# Can I charge tenants for bin charges paid in apartment service charges?



## tobeornot (15 Mar 2008)

Hi

I have invested in a 2 bed apartment and have it rented out. I've recently paid over €2500 service charges to the Management Agency for 2008. Can I ask the tenants to pay for the bin charges?


----------



## Howitzer (15 Mar 2008)

Not if it's not already in the lease. You can offset them against your rental income however.


----------



## FranceRes (16 Mar 2008)

Camry said:


> hi, I've recently rented an apartment.I have now received a bill for electricity.
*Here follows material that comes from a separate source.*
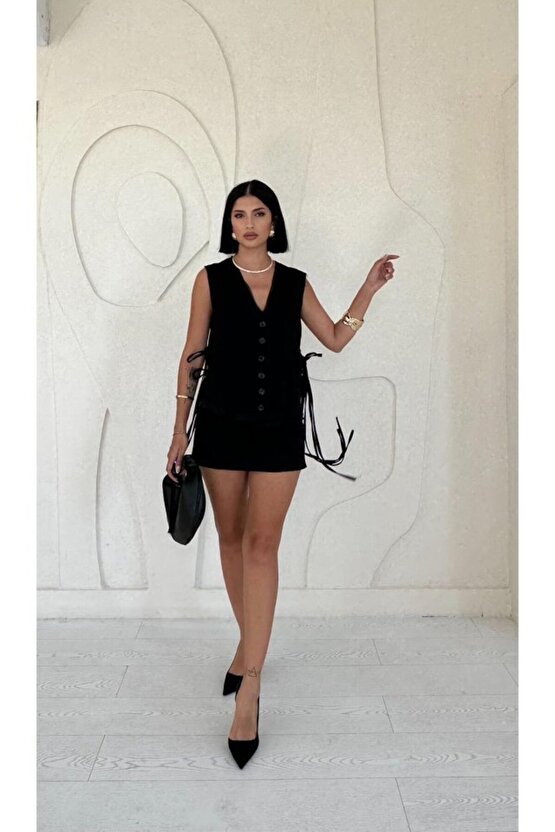 eyesof Siyah Yanları Bağcıklı Yelek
Can I ask the landlord to pay for this?


 Only if the bill refers to a period prior to your tenancy, unless it's in your lease that the electricity is included in the rent?

Other than that, it's 'user pays'.


----------



## mathepac (16 Mar 2008)

Camry said:


> hi, I've recently rented an apartment.I have now received a bill for electricity. Can I ask the landlord to pay for this?


Did you take a meter reading when you moved in to the apartment?


----------



## Luternau (19 Mar 2008)

tobeornot said:


> Hi
> 
> I have invested in a 2 bed apartment and have it rented out. I've recently paid over €2500 service charges to the Management Agency for 2008. Can I ask the tenants to pay for the bin charges?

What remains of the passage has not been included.